Le fonctionnement est clair : un “coursier” ou “chauffeur partenaire” choisit quand il se connecte, quelles missions il accepte. C’est la flexibilité vantée par ces plateformes. Glovo affiche une structure contractuelle dans ses conditions d’utilisation qui traite ses partenaires comme des prestataires indépendants, et non comme des salariés. inDrive par exemple permet au conducteur de proposer ses propres tarifs pour certaines courses, donnant une marge de manœuvre dans les négociations avec les passagers.

Mais cette liberté affichée masque des réalités plus dures. Les revenus fluctuent, les coûts pèsent (carburant, entretien, frais de connexion internet, amortissement du véhicule). La rentabilité dépend d’un volume de courses élevé, sous peine de devoir rallonger les horaires. Les suspensions de compte, sans explication claire, existent : les coursiers dénoncent des cas de “verrouillage” arbitraire sans recours. Lors d’un rassemblement récent à Casablanca, des livreurs Glovo ont manifesté devant le siège de l’UMT pour réclamer de meilleures conditions, dénonçant notamment des tarifs de base jugés trop faibles (6 dirhams par course) face aux charges engagées.

Certains choisissent ces plateformes par nécessité : faute d’emploi stable ou de perspectives dans le secteur classique. « Je n’ai pas trouvé de poste bien payé dans mon domaine de formation », explique Leïla, 26 ans, qui combine coursiers Glovo et projets freelances. « Au moins ici, je vois des “missions” même si ça ne paie pas toujours bien. »

L’insécurité est omniprésente. Le métier de livreur à deux roues est dangereux — collisions, conditions de circulation, fatigue — et la protection sociale est souvent inexistante. Selon des reportages, certains livreurs subissent des accidents graves sans indemnité décente, et les assurances proposées sont limitées.

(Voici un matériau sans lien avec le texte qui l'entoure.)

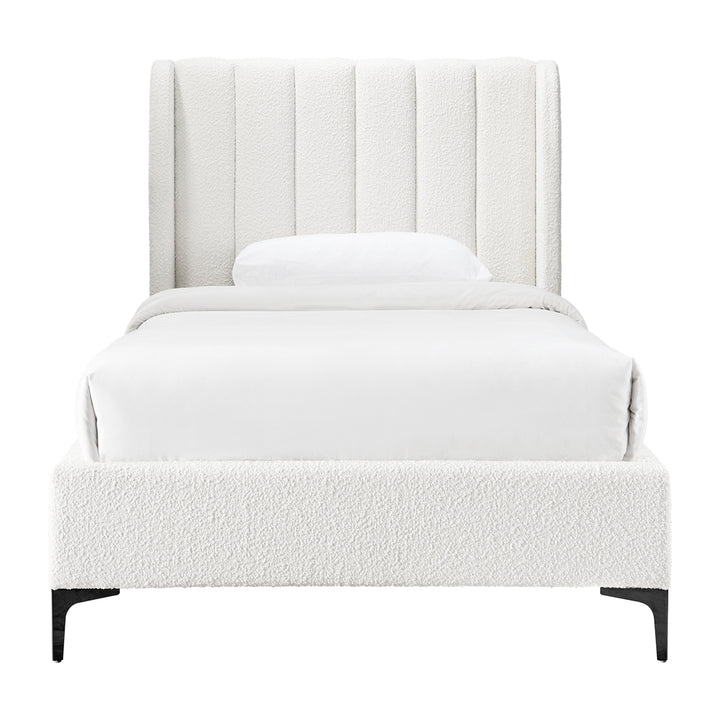 Georgia Boucle King Single Bed (White)
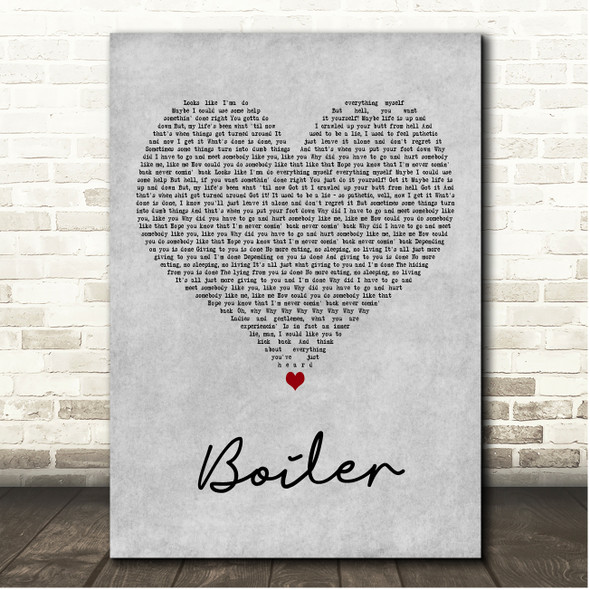 Limp Bizkit Boiler Grey Heart Song Lyric Print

Les plateformes, pour leur part, affirment offrir des assurances obligatoires pour les coursiers autoentrepreneurs, couvrant l’hospitalisation ou les dommages à des tiers, mais leurs modalités sont critiquées pour leur étendue restreinte et les plafonds faibles.

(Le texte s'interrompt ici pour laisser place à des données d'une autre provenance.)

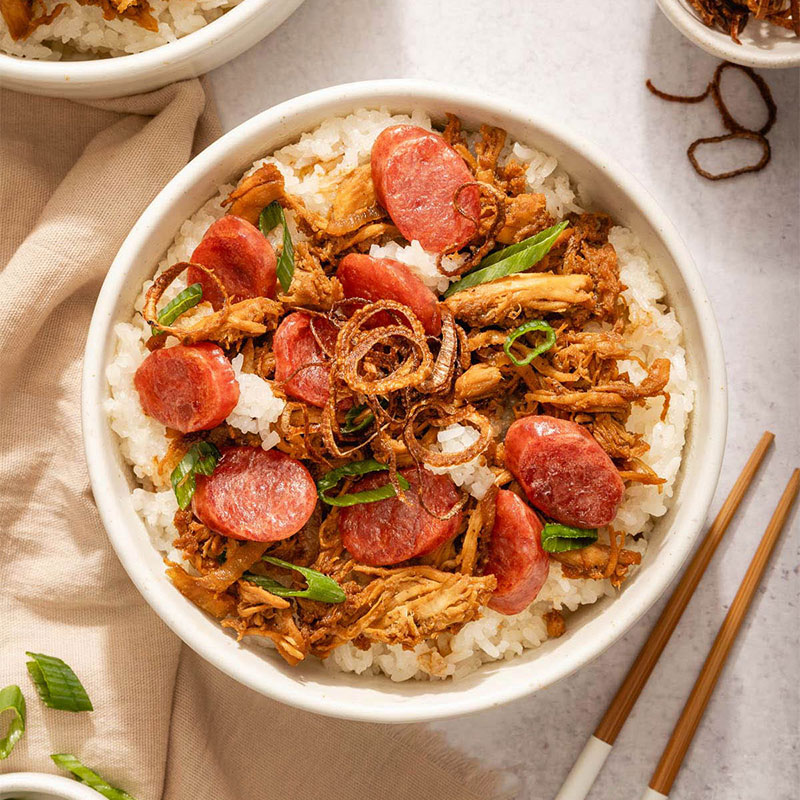 Overhead view of a bowl of Vietnamese Sticky Rice with Chicken.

Le cas de “Yangoo” est plus flou. Yango Group, plateforme internationale de mobilité et de livraison, est active dans plusieurs pays africains, mais son activité VTC à Casablanca a été suspendue en 2023 par les autorités pour non‑respect des autorisations de transport.

Lorsque Yango opérait, certains jeunes envisageaient de devenir chauffeurs partenaires, espérant profiter de l’essor d’un nouvel acteur. Aujourd’hui, avec la suspension, beaucoup restent dans l’attente ou rebasculent vers d’autres applis.

Cette nouvelle forme de travail brouille les catégories. Ces jeunes ne veulent pas des horaires fixes, d’un patron imposé ou d’un bureau. Ils veulent qu’on reconnaisse leur effort, qu’il y ait une sécurité de base, et surtout qu’on valorise le risque pris chaque jour dans les rues. Le dilemme est là : accepter les contraintes d’un système numérique pour gagner un peu de liberté, sans pour autant tomber dans le piège d’une quasi-précarité déguisée.